Görücü Usulü Aşk -Bir Evlenememe Hikayesi-
Böyle mailleri okuduğumda çok duygulanıyorum. Kendini korumak, temiz bir şekilde evlenmek o kadar zor bir hale geldi ki. Gerçek hayatta konuştuğumuz konular da hep bunun üzerine;
Bu mailde beni derinden sarstı. Özellikle son satırları okuduğunuzda sizin de benim gibi gözlerinizin dolacağına eminim.
Sözü Ö. Hanım'a bırakıyorum.
Sevgili Nabrutcuğum; seni ve bloğunu takip eden herkesi; Allah'ın rahmeti ve bereketi üzerinize olsun diye selamlayarak söze başlayayım. İki yıl olacak bloğunu keşfedeli.
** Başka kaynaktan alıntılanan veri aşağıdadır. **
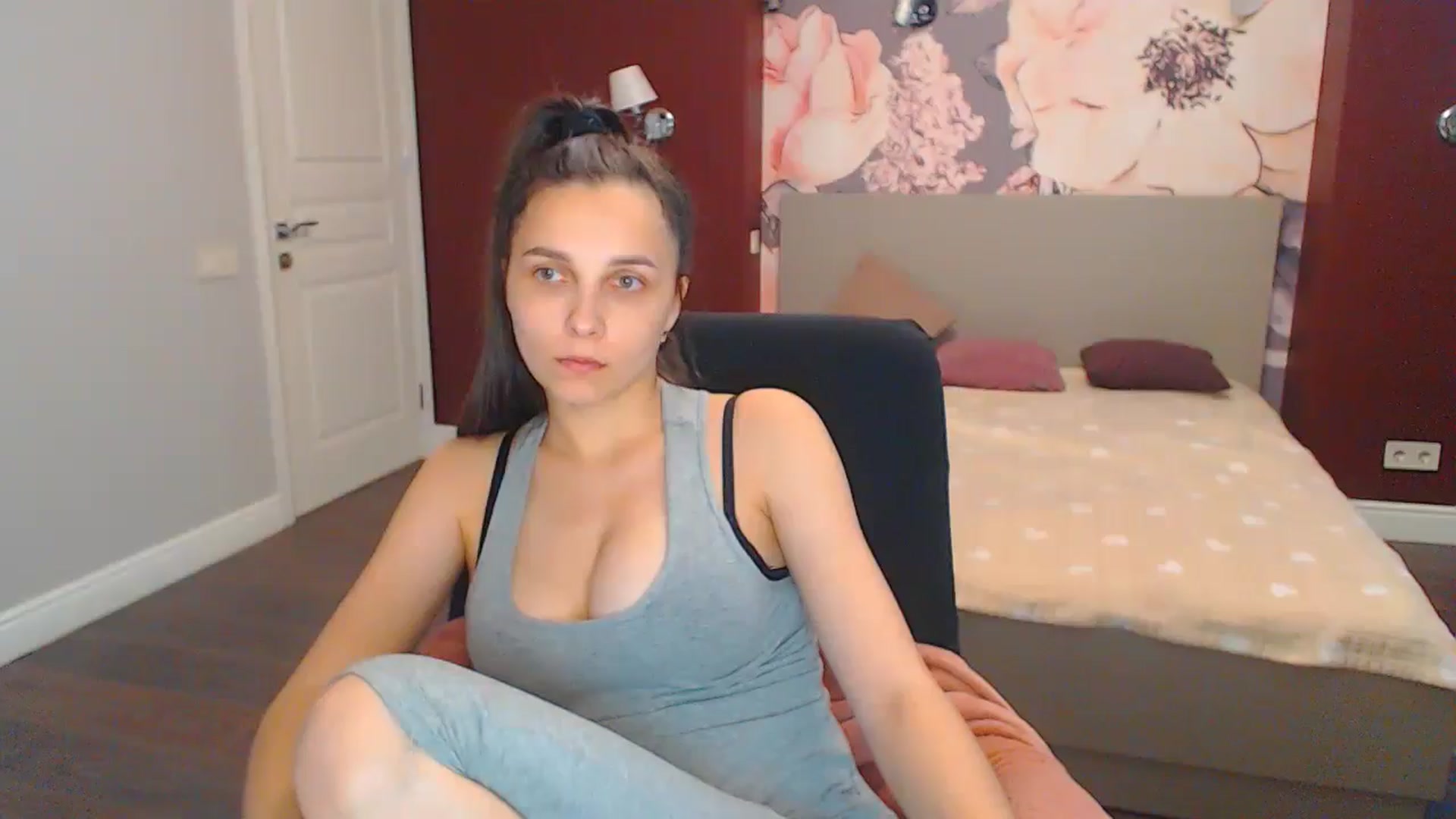 Gallery image thumbnail from Karina_Mils's myfreecams stream on, 07/08/2024, 10:22 image 8 of 20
Rüyama bile 2 kere girmiş biri olarak;
Rüyamdaki NABRUT bakınız: ☺
Evlilik konularından dertlenirken “ya böyle şeyler bir tek benim mi başıma geliyor? Yok mudur bir şeyler yazan çizen” diyerek arama tuşuna basmış tüm yazıları bir iki günde okumuştum. Ve işte şimdi buradayım. Uzun zamandır da yazmak istiyordum, uzun olabilir dedimse de olsun sorun değil demenle birlikte, başımdan geçenleri size ve değerli okurlara sunmak, cevaben gelecek bir kelime de olsa belki hayatıma ışık saçacak kelime-i vesileyi görmek istiyorum inşaAllah.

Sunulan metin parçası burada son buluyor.